Suburban America has become quite accustomed to their way of life. Often rattled by things that deviate from structured normalcy. Whether nature or nurture, the result is a unconsciously self-centric existence. The output of any input is invariably a factor of ‘how will this affect me?’. A quality that has an underlying presence in everything from hobbies and goals to business and politics.
Automobile proliferation, triggered by the need for routine convenience, has lead to the notion that each licensed driver needs their own personal car. A multifaceted shackle, ball and chain, somehow disguised as individual freedom. City dwellers have long known the truth that lies behind the smoke and mirrors. Younger generations too are beginning to carefully filter through the sieve of logic when considering car ownership.
Car ownership comes with a lot of baggage. In addition to the large upfront cost of the vehicle itself, you are signing an unwritten and ever-changing contract that will continually separate you from your money. Insurance, fuel, maintenance, parts, registration, and (in most states) “safety” inspections will relentlessly follow your car around like the burning tail of a comet. We probably shouldn’t forget, parking cost, tolls, penalized traffic violations and artificial tree-themed fragrances.
For those lucky enough, your car also gets its very own bedroom in your house, complete with paved access. This space if often misused as baseline hoarder’s storage. While it is nice to have sheltered access to your car, wouldn’t it be far more efficient to simply not own a car?
Without a personal vehicle to look after you would save money, space, time, worry and hassle. Tesla intends to induce this as a fix to our otherwise broken future. Parking lots will occupy less space and reduce in number. Budgets will be freed up to allow for economic growth.
Once cars become fully autonomous, people in every area of the county will be able free themselves from aforementioned shackles of car ownership. It won’t just be a luxury for city dwellers. Even the most rural residents will have the choice to summon a ride rather than drag their personally owned one with them.

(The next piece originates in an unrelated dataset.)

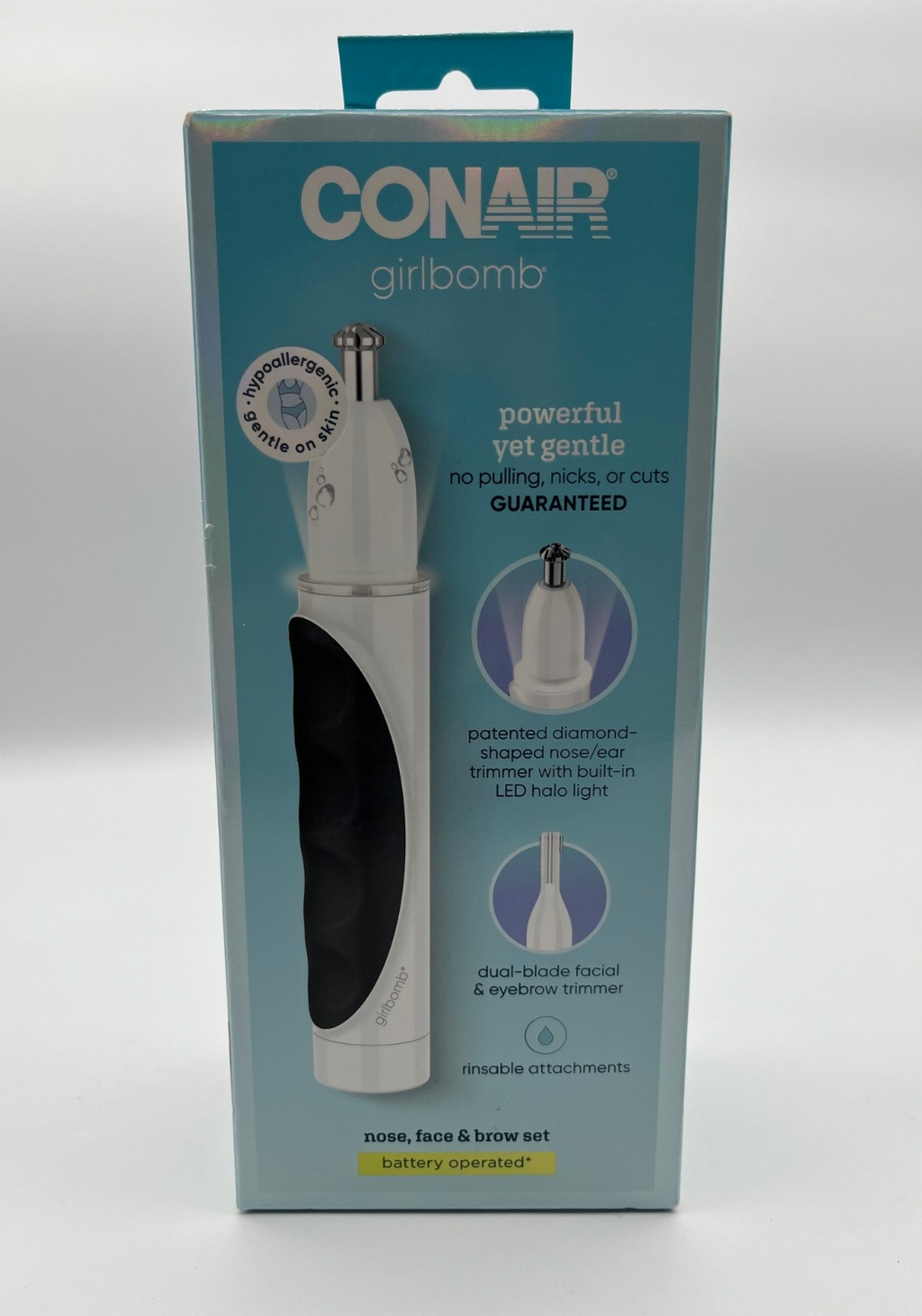 Conair Girlbomb Nose Face and Eyebrow Trimmer, Gentle Facial No Cuts, Brand New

Things like safe, size-appropriate, child seats are a personal area of conflict for my otherwise excitement about this type of future. Some people and professions will likely continue finding a need for personal transportation because their vehicle is their office or mobile workshop, but there is definite potential for an overall shift to reduced personal car ownership. It might be a slow shift due to suburban America’s deep rooted idea of transportation freedom. Perhaps our localized metropolitan culture will expedite this renaissance through example.